Author: Melina Marchetta
Title: Froi of the Exiles
Series: Lumatere Chronicles (#2)
Publisher: Candlewick Press(March 13th 2012)
Disclaimer: Copy received for review purposes.
Buy your copy: Hardcover
My rating: 5 of 5 stars
“From master storyteller Melina Marchetta comes an exhilarating new fantasy springing from her celebrated epic, Finnikin of the Rock.
Three years after the curse on Lumatere was lifted, Froi has found his home . . . or so he believes. Fiercely loyal to the Queen and Finnikin, Froi has been taken roughly and lovingly in hand by the Guard sworn to protect the royal family, and has learned to control his quick temper with a warrior's discipline. But when he is sent on a secretive mission to the kingdom of Charyn, nothing could have prepared him for what he finds in its surreal royal court. Soon he must unravel both the dark bonds of kinship and the mysteries of a half-mad princess in this barren and mysterious place. It is in Charyn that he will discover there is a song sleeping in his blood . . . and though Froi would rather not, the time has come to listen.” GoodReads’ blurb
Finnikin of the Rock was one of the most beautiful books I’ve ever read. You can read my full review here, but, in short, it was a wonderful tale of very human characters against very human evils. Froi of the Exiles takes up the same mesmerizing prose, the same depth, the same feeling... And doubles it all.
Where Finnikin was, ultimately, a tale about fear and hope, Froi touches on something even more elusive: through the whole adventure, there’s a theme of forgiveness, of mending. It’s about finding the good where our anger made us see evil, it’s about picking up the broken pieces and building a future.
Though this book was shelved under “Juvenile”, I imagine some people will find it an appalling read for the young readers. What Froi finds when he reaches the Charynite court is nothing if not dark – the kind of oily, base dark that sticks to you and makes your heart cringe in your chest. Still, I’d not think twice before handing this book over to my teenager son if I had one. Then, I’d ask him to re-read it when he turned twenty. And again, when he turned twenty five. Then, I’d hope that he’d remember Froi of the Exiles as much as I ever will.
Some people don’t like the books for their young to have violence in them, and I understand and respect that. But the lessons to be learned behind the compelling story, the breathtaking adventures and the musical prose are to be learned from one’s youth:
In this second instalment, Lumatere has been united for three years and it still isn’t whole. We peek at their issues from time to time, not less important for their brevity, and the mistrust is a direct consequence of the fear we read about in Finnikin. The bulk of the action, though, takes place in the Charynite border and the Charynite kingdom: it involves a people hated by Lumatere, despised because of what they did to them during the curse of their kingdom, considered nothing but assassins and brutal beasts.
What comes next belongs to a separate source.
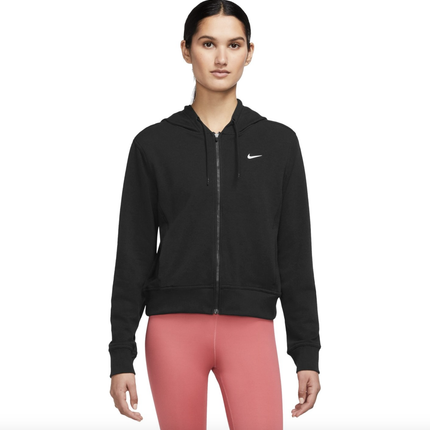 Nike Dri-FIT One Full-Zip French Terry Hoodie Women - black/white FB5198-010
And through the whole novel, Melina Marchetta will show us that the bestiality is there, along the kindness and the passion and the love of learning and all the good things in men. That’s what I would want my kid to get out of the book, and that’s why I think they’d need to read Froi sooner rather than later.
There’s more, of course. There’s so much more. There’s love, torturous and confusing but just so right. There’s treason. There’s courage. There’s hope, there’s pain.
When I finished Froi of the Exiles, I had to put it down and take a deep breath, and let it sink in. I had to give myself a moment to absorb everything that had happened, to contemplate what would happen.
It was raw, touching, moving. Both painful and awe-inspiring. And so very, very beautiful. Without a doubt, one of the best books I’ve ever read, and a story that will be part of me from now on.